▶ _Goal of the exercise_:
Retype verbatim the lines of the listing, from the very first through the line with "Deer Horn Logo, Animal".
○ ○ ○ ○ ○ ○ ○
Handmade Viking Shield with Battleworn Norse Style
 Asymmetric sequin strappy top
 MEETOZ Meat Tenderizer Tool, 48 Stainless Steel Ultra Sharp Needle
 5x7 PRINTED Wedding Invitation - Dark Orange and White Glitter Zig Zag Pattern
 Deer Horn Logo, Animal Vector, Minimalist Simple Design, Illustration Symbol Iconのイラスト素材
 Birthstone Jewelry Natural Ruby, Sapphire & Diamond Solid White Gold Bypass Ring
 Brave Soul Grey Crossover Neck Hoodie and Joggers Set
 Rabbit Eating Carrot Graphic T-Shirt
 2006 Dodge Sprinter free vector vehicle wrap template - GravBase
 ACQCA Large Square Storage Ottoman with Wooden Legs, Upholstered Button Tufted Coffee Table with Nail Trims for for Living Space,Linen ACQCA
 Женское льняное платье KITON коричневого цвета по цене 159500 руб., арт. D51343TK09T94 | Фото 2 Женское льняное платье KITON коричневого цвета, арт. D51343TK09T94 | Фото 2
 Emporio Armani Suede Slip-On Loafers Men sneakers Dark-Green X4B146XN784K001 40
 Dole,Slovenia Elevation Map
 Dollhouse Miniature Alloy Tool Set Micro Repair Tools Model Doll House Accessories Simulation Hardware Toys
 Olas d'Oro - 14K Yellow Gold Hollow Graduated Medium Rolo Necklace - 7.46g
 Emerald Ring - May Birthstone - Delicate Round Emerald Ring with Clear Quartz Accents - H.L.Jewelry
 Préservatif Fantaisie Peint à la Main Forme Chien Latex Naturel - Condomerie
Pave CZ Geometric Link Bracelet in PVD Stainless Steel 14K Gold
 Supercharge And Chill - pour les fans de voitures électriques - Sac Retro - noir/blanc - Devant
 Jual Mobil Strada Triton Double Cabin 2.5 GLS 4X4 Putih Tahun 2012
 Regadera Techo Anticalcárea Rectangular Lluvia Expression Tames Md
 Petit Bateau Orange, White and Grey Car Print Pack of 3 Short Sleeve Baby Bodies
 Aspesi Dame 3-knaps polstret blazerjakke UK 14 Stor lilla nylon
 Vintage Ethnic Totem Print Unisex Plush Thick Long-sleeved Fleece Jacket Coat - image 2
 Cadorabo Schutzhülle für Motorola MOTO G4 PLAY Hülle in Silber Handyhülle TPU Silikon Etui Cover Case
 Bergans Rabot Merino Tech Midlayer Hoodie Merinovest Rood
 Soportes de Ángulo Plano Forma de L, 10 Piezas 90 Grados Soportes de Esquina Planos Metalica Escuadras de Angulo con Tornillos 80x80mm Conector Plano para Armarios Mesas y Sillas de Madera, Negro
○ ○ ○ ○ ○ ○ ○
▶ _Solution to the exercise_:
Handmade Viking Shield with Battleworn Norse Style
 Asymmetric sequin strappy top
 MEETOZ Meat Tenderizer Tool, 48 Stainless Steel Ultra Sharp Needle
 5x7 PRINTED Wedding Invitation - Dark Orange and White Glitter Zig Zag Pattern
 Deer Horn Logo, Animal Vector, Minimalist Simple Design, Illustration Symbol Iconのイラスト素材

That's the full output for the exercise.